**TASK BRIEF**
Return each line below exactly as it reads, and omit any image in it.

**DATA SECTION**

____________________

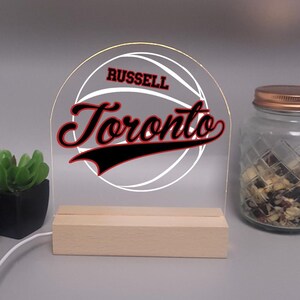 May include: A clear acrylic LED sign with the text "RUSSELL Toronto" in red and white, set against a basketball graphic. The sign is mounted on a wooden base and illuminated with a warm glow. A small plant and a jar are in the background.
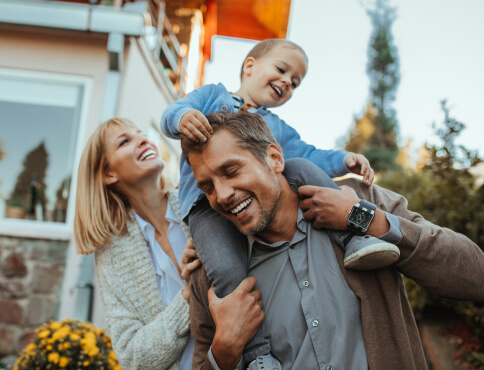 a family playing outside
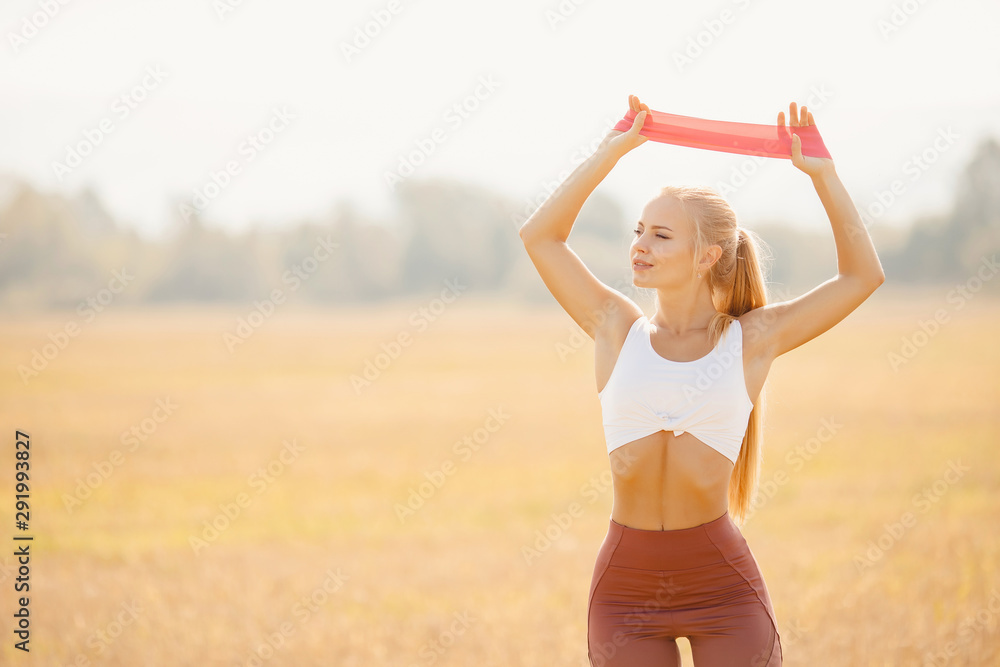 Beautiful girl athlete blonde performs exercises outdoors in park fitness stretching rubber bands Beautiful girl athlete blonde performs exercises outdoors in park fitness stretching rubber bands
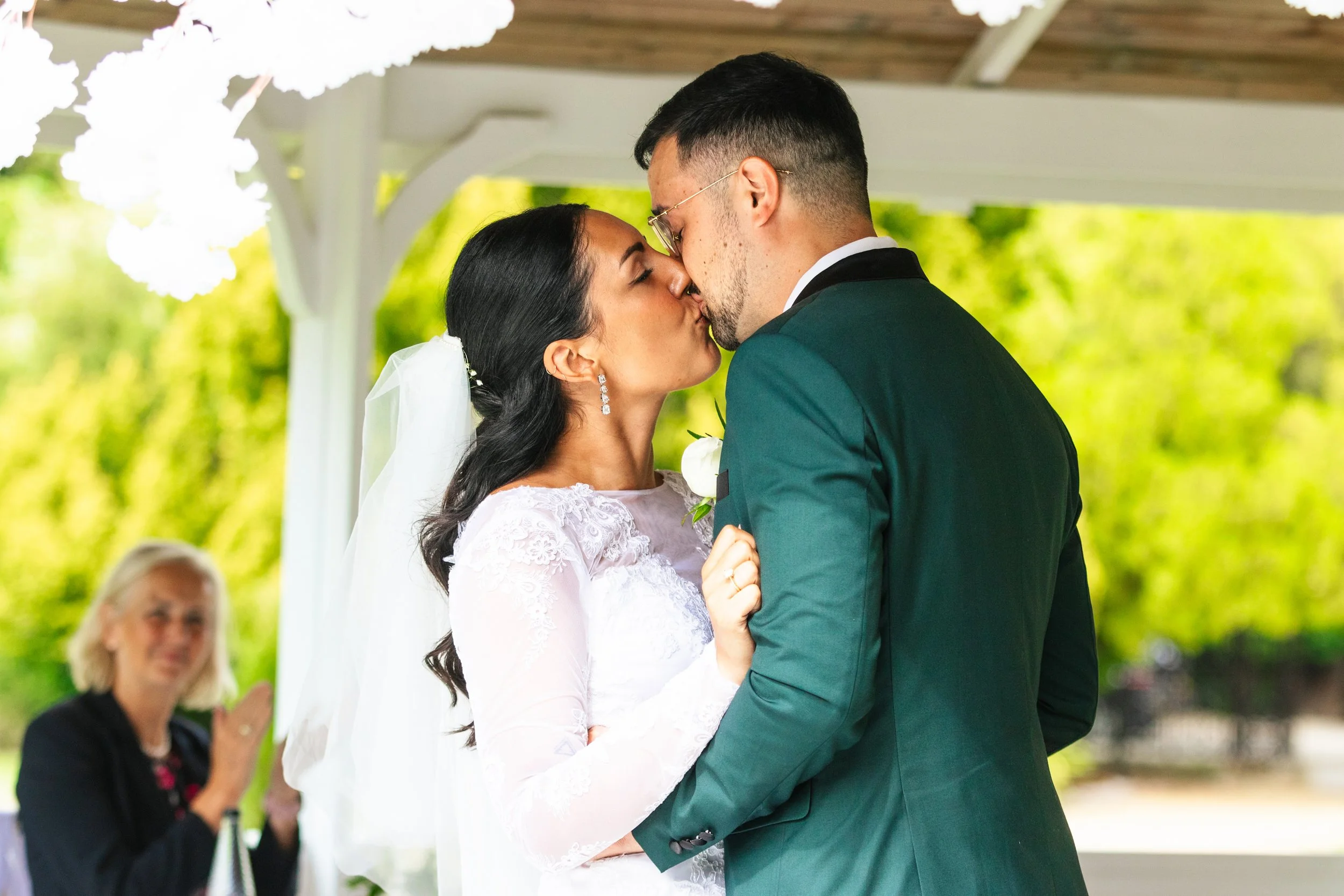 A bride and groom are kissing during their wedding ceremony under a white pavilion, with a woman clapping in the background.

____________________

**SOLUTION TO THIS EXERCISE**
 May include: A clear acrylic LED sign with the text "RUSSELL Toronto" in red and white, set against a basketball graphic. The sign is mounted on a wooden base and illuminated with a warm glow. A small plant and a jar are in the background.
 a family playing outside
 Beautiful girl athlete blonde performs exercises outdoors in park fitness stretching rubber bands Beautiful girl athlete blonde performs exercises outdoors in park fitness stretching rubber bands
 A bride and groom are kissing during their wedding ceremony under a white pavilion, with a woman clapping in the background.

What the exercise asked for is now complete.